** Opening Exercise data block **

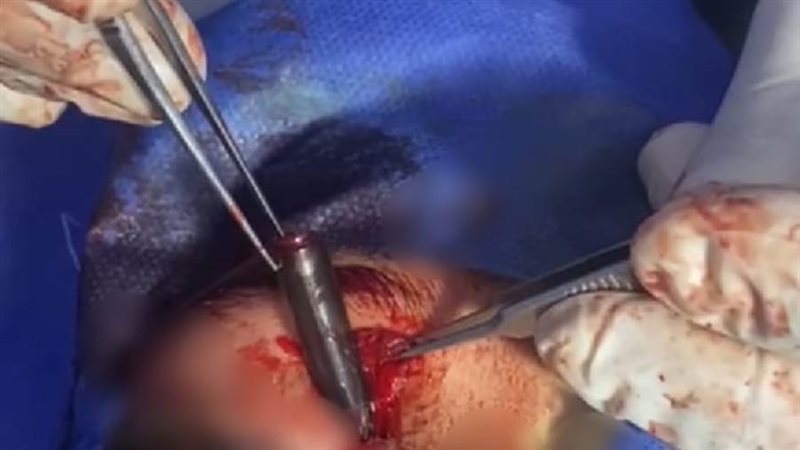 أثناء استخراج قلم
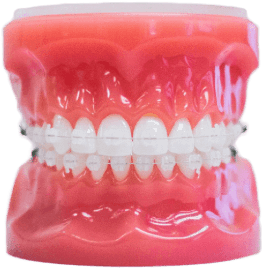 Clear Braces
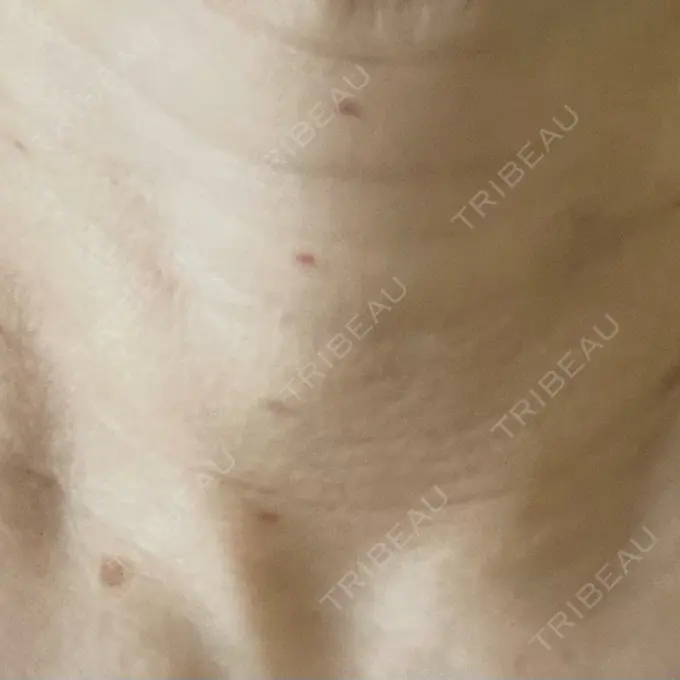 ジャルプロ ゆきスキンクリニック 東池袋 BEFORE メイン用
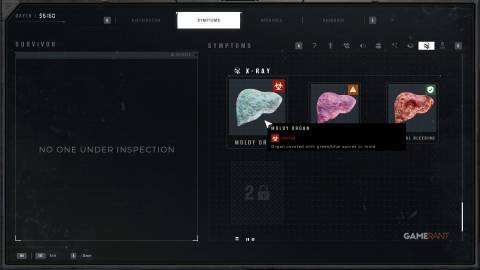 Quarantine Zone The Last Check - X-Ray - Moly Organ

** Closing Exercise data block **

### What to produce
Repeat each line above exactly as it reads, omitting any pictures.

### Response area
 أثناء استخراج قلم
 Clear Braces
 ジャルプロ ゆきスキンクリニック 東池袋 BEFORE メイン用
 Quarantine Zone The Last Check - X-Ray - Moly Organ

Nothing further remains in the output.